I wanted to repost this list of FDA approvals of immunotherapeutics that blogger, Brad Loncar has published (***). I made a word cloud of his results and, as expected, Keytruda (pembrolizumab) and Opivid (nivolumab) had the greatest hits for therapies. In recent years the PD-1 inhibitor, Keytruda, has galvanized the immunotherapy field. Keytruda has been found to show indications in advanced non-small cell lung cancer, advanced melanoma, head and neck squamous cell carcinoma, Hodgkin lymphoma, and advanced urothelia bladder cancer. Hopefully, more malignancies can be targeted by Keytruda, along with other drugs.
Anyone who works in the realm of biomedical research at one point or another has been asked this question, “When will we have a cure for cancer?” Sometimes this question can be annoying, because many people believe that cancer will be cured with one silver bullet. However, one cannot be too annoyed with the question, because it is a fairly honest question. We have been researching, reporting about, and experiencing the ups and downs of cancer for ages. After President Nixon declared war on cancer in 1971, many politicians have promised a cure for this deadly malady. Since a large portion of biomedical research is funded through various governmental funding agencies, the people, as taxpayers, have a right to ask this question.
This blog update based on an article published by Eva Kiesler and Meredith Begley (***), which lists five reasons for continued optimism in cancer research. Here, I will touch on three of these reasons that I find very interesting and exciting.
Precision Medicine: In 2015, President Obama announced a $215 million genetic research plan to genetically map one million people, to research the genetic causes of various cancers, and to gauge new drugs and treatments. Of course many of these ideas set forth this initiative may change under the current administration, which has not been very friendly towards science in general. Of course there is some good mixed with the bad in the field of Precision Medicine. Some of the good can be realized in: understanding the genetic background of new diagnoses, detecting diseases at earlier stages, and developing personalized treatments. However, there are several drawbacks to this field of study that resonate with critics. The biggest criticism is what happens if all of this genetic information falls into the wrong hands. Would someone be denied insurance coverage or a job based on his/her genetic background? Time will only tell how Precision Medicine will help or hinder cancer research, especially under this new administration.
Immunotherapy: Over the past couple of years, immunotherapy has become a very “sexy” field in cancer research. Generally put, immunotherapy uses a patient’s own immune system to fight his/her cancer.
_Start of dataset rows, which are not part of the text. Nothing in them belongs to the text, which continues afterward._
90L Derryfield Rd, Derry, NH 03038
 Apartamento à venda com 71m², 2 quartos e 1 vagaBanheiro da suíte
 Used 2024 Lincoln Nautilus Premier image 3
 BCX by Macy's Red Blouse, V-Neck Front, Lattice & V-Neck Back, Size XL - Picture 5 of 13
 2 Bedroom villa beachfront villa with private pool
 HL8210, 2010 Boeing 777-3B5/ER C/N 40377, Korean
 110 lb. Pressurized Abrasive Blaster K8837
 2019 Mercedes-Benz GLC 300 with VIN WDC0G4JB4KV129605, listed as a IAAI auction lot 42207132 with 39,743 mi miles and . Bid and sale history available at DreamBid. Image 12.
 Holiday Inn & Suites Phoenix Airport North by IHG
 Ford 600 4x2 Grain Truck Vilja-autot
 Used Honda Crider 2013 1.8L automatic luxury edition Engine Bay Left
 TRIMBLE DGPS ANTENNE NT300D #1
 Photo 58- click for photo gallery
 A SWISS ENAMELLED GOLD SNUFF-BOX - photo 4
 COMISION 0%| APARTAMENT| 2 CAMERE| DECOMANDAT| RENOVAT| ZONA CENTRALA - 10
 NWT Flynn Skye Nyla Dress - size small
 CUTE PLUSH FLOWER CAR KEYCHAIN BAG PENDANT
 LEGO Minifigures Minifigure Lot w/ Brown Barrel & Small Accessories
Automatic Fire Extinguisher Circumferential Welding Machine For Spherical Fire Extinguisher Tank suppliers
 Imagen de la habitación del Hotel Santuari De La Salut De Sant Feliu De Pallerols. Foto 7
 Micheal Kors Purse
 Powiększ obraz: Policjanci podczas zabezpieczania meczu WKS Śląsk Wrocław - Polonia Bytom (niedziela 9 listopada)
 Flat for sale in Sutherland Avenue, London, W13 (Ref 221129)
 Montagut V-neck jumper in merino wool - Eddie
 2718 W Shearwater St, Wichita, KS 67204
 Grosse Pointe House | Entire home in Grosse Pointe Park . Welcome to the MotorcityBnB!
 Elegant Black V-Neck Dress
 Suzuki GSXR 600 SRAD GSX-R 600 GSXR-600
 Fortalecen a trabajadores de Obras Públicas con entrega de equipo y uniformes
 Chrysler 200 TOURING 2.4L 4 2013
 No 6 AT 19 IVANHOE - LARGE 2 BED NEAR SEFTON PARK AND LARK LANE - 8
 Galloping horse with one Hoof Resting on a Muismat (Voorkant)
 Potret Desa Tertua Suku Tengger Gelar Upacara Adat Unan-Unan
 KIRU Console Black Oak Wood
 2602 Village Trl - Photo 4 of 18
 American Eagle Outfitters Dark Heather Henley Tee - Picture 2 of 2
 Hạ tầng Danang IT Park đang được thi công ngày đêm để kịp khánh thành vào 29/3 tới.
It has been long believed that the “cure” for cancer lies in immunology, because cancer basically evades the surveillance mechanism of the immune system. PD-1 inhibitors represent the first class of immunotherapies, but plenty of others inhibitors are quickly catching up to PD-1 inhibitors. Recently, epacdodostat [Indoleamine 2, 3-odioxygenase (IDO) inhibitor], produced by Incyte Corporation, has had great success in combination with PD-1 inhibitors for treating non-small cell lung cancer and kidney cancer. Many people inside and outside of the laboratory have high hopes for immunotherapy, especially through combination treatment.
Cell-based Therapies: A few years ago, chimeric antigen receptor (CAR) T cells jumped on the scene as an intriguing way to attack cancer cells. This technology makes “killer” T-cells from a patient’s own blood cells. A patient’s T cells are collected; the cells are genetically modified to attack a specific types of proteins expressed on cancer cells; and then these genetically-modified cells are re-introduced into the patient. A major concern with this technology is that one has to modify the T-cells for targets that are expressed on cancer cells and not on healthy cells. In many cases, similar proteins can be expressed on both cancer and normal cells. Since this technology is very personalized, it will take very specialized laboratories to manufacture these cells. Typically, when you get into this extreme level of specialized medicine, the price tag is not cheap. Currently, Novartis and Kite Pharma are two companies that are in the lead for getting this therapy approved by the FDA for treating acute lymphoblastic leukemia and B-cell non-Hodgkin lymphoma, respectively.
Although we have not eliminated various types of cancer, I think that we are well on our way. Here, I touched on three exciting areas of cancer research that may provide some answers in the field of oncology. I think that we are in a very exciting moment of cancer research but time will tell how effective these new therapies will be.